Commodore Robert Duncan

St. Mary’s Churchyard is the Greyfriars’ of Leith. Crowded within its narrow limits lie generation after generation of its inhabitants. Round its walls are the stately monuments of her merchant princes. In the portion of the churchyard set apart in days of old for the "Gentlemen Traffickers" lies one whose name the genius of Robert Louis Stevenson has made familiar wherever the English language is spoken, the Laird of Pilrig to whom be brings his hero, David Balfour, in the opening chapters of Catriona’. Opposites on the walls of the church, is the memorial stone of John Home, the author of Douglas. To the east of these is a fine monumental stone to the memory of Robert Gilfillan, who wrote the beautiful song, "O, why left I my hame?"—a song which has touched the hearts of so many Scots exiles, and among them that of the gifted author of Catriona".

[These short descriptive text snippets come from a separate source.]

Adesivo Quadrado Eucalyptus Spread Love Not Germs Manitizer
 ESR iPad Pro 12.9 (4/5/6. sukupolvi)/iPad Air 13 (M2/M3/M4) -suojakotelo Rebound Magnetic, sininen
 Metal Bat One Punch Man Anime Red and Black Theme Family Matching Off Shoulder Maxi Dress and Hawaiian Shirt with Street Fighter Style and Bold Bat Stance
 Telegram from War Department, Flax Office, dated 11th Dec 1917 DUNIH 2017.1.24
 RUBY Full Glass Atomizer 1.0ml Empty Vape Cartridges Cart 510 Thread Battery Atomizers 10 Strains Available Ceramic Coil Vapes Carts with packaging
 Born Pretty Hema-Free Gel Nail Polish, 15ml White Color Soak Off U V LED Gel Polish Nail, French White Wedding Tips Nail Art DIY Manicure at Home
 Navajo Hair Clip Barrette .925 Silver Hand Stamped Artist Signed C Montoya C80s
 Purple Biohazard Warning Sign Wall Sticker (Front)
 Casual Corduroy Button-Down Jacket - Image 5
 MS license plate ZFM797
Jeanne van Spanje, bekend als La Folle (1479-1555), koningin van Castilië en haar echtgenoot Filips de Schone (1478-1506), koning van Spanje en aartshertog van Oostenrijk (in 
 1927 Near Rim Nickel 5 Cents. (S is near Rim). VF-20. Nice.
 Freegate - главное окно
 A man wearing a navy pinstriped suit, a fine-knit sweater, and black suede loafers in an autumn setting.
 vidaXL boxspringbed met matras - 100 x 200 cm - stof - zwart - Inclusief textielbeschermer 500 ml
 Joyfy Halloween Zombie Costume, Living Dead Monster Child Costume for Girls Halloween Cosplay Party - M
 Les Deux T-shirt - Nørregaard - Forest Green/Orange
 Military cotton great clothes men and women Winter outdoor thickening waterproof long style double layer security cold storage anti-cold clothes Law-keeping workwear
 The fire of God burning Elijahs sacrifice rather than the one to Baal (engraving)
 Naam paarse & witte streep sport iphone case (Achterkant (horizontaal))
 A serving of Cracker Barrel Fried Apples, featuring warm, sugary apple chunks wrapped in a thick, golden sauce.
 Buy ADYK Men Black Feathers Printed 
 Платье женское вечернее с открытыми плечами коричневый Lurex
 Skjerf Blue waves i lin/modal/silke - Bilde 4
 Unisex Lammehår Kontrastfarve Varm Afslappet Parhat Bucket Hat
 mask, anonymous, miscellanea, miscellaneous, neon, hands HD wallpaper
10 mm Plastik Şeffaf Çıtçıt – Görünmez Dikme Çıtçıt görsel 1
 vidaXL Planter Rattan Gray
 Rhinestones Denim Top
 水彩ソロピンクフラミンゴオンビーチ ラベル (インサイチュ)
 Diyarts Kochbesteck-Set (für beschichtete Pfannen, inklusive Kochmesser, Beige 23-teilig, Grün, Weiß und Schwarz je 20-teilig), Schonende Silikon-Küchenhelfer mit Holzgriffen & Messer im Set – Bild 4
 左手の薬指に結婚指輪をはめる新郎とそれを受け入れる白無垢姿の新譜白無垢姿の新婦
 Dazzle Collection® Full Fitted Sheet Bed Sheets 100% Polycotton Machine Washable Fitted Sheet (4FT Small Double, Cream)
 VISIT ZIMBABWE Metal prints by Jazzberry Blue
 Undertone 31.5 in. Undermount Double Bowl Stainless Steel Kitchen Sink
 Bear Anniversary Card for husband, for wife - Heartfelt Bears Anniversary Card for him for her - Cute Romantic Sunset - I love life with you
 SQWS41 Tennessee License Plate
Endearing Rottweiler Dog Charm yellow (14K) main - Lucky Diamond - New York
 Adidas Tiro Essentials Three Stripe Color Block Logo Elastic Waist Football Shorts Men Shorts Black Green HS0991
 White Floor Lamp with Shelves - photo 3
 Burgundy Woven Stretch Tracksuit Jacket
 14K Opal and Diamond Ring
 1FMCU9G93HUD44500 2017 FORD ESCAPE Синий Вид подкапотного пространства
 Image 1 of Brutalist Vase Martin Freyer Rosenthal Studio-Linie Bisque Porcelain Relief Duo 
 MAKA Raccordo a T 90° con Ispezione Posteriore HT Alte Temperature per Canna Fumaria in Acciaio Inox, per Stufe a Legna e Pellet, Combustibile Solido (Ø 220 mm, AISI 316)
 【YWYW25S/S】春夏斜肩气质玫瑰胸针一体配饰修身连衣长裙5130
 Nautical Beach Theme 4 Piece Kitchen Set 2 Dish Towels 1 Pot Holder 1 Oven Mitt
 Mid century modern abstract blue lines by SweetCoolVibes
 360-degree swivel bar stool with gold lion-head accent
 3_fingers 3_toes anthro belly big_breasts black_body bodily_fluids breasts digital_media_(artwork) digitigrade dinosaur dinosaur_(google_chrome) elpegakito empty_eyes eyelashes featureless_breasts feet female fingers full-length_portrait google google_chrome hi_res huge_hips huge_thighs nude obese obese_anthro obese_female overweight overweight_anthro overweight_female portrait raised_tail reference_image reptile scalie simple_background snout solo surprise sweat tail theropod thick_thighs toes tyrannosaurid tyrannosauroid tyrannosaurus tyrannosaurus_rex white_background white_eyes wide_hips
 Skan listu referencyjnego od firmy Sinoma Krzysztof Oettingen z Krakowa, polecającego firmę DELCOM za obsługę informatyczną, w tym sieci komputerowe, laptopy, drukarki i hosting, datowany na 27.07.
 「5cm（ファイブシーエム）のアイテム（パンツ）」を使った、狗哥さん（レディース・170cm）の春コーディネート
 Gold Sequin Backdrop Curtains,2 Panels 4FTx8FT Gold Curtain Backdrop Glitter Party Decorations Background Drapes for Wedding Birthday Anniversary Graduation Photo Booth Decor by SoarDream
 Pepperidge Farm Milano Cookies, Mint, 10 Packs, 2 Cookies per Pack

And last, in the portion of ground at the east end of the church allotted to the mariners, is the handsome tomb of that fine old Leith salt, as was his father before him, Captain Robert Duncan, who was born in Water Street, and who rose to be Commodore of the Union-Castle Line of Mail Steamers. Always a favourite with passengers, and, like Tom Bowling, "the darling of his crew,"

"He never from his word departed,

His heart was kind and soft,

Faithful below he did his duty,

And now he’s gone aloft."

He was a generous friend to the boys and girls of Leith. many of whom, now grown-ups, must have happy memories of the annual picnic to Aberdour he provided for their pleasure under the charge of Mr. Thomas Fraser, then of Yardheads School.